◆ Your goal
Return only the lines of the listing below that run from the line with "vsshe Leckerlitasche für" through the line with "Portable Folding Trolley", both ends included, exactly as written.

◆ Material for the task
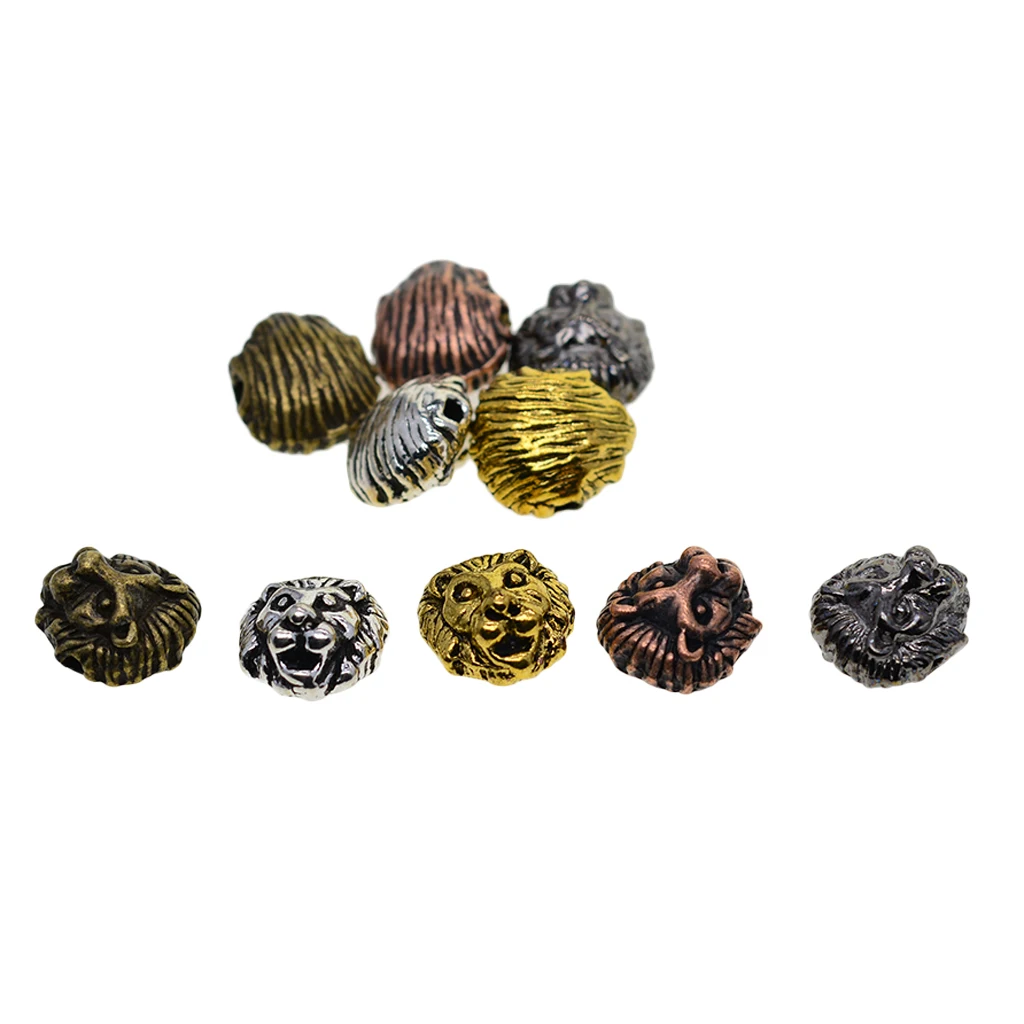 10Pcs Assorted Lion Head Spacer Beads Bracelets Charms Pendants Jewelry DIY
--
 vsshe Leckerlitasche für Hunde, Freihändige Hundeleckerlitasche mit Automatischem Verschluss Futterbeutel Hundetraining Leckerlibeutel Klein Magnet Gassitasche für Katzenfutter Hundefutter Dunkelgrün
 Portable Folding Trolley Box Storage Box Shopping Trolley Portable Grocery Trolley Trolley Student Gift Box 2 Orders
...
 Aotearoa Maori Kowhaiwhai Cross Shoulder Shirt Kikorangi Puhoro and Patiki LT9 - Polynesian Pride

◆ Solution for this problem
 vsshe Leckerlitasche für Hunde, Freihändige Hundeleckerlitasche mit Automatischem Verschluss Futterbeutel Hundetraining Leckerlibeutel Klein Magnet Gassitasche für Katzenfutter Hundefutter Dunkelgrün
 Portable Folding Trolley Box Storage Box Shopping Trolley Portable Grocery Trolley Trolley Student Gift Box 2 Orders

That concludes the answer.